- External consultants are helping UBS create a potential merger deal between the two largest Swiss banks, Credit Suisse and UBS.
- It would be the biggest deal since UBS merged with Basler Bankverein in 1997.
- UBS and Credit Suisse told Business Insider that they don’t comment on “market rumors and speculations.”
- Visit Business Insider’s homepage for more stories.
UBS chairman Axel Weber has brought in external consultants to explore a potential merger with rival investment bank Credit Suisse, according to a Financial Times report.
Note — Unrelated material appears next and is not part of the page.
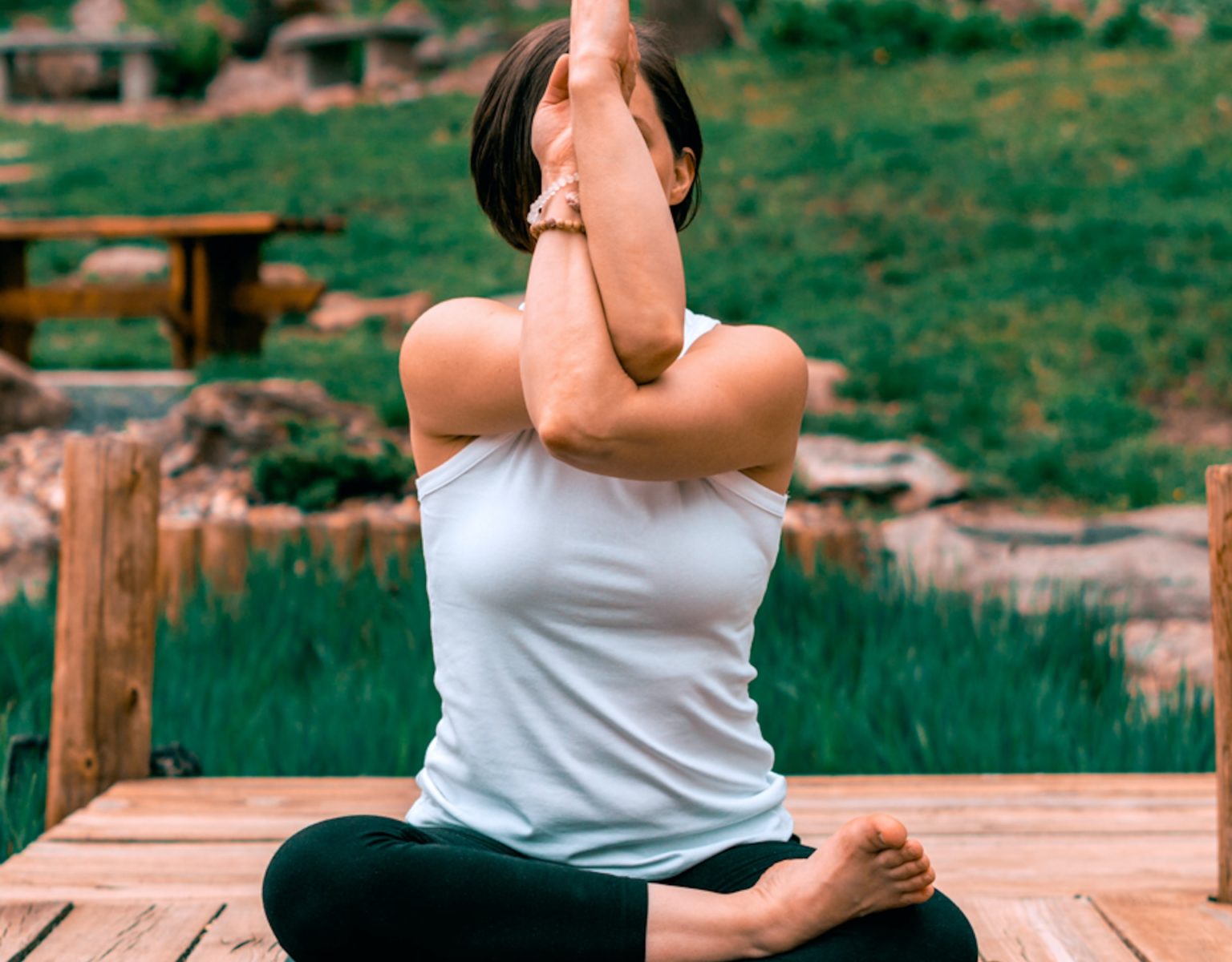 yoga-poses-to-improve-balance-yourdailysportfix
A Swiss finance blog reported the potential merger — which would create Europe’s largest bank — on Monday. On Tuesday, the FT reported a deal was on the cards, but that no formal discussions have taken place between the two banks.
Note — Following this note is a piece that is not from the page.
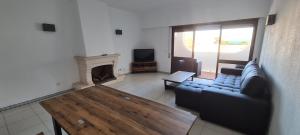 402 - Oura - 2 Bedroomed Apartment - Sea View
It would be the biggest deal for UBS since 1997 when the company merged with Basler Bankverein.
Both UBS and Credit Suisse told Business Insider that they don’t comment on “market rumors and speculations.”
Speculation over a potential tie-up between the two Swiss banks has regularly swirled around the markets over the years, but has amounted to little more than that.
The potential deal, which could come as soon as 2021, is called Signal and is being driven by Weber, who would remain president of a merged entity, according to the Insider Paraplatz blog.
McKinsey, a global consultant that has worked for UBS and Credit Suisse over the years, told Business Insider the company doesn’t comment on client work. A McKinsey source told the Swiss financial blog that the planning “would overshadow everything that has existed in the financial center.”
Shares in Credit Suisse have dropped 22% this year, and UBS shares have fallen 8%. But following the merger reports, Credit Suisse shares jumped 4% on Monday, as UBS rose 2.5%. By midday in Europe on Tuesday, UBS shares were down 1.2% on the day, while Credit Suisse stock was off 1.7%.
Both banks have gone through leadership changes this year. UBS said Ralph Hamers will replace Sergio Ermotti as CEO in November, and Credit Suisse will replace CEO Tidjane Thiam with Thomas Gottstein in February.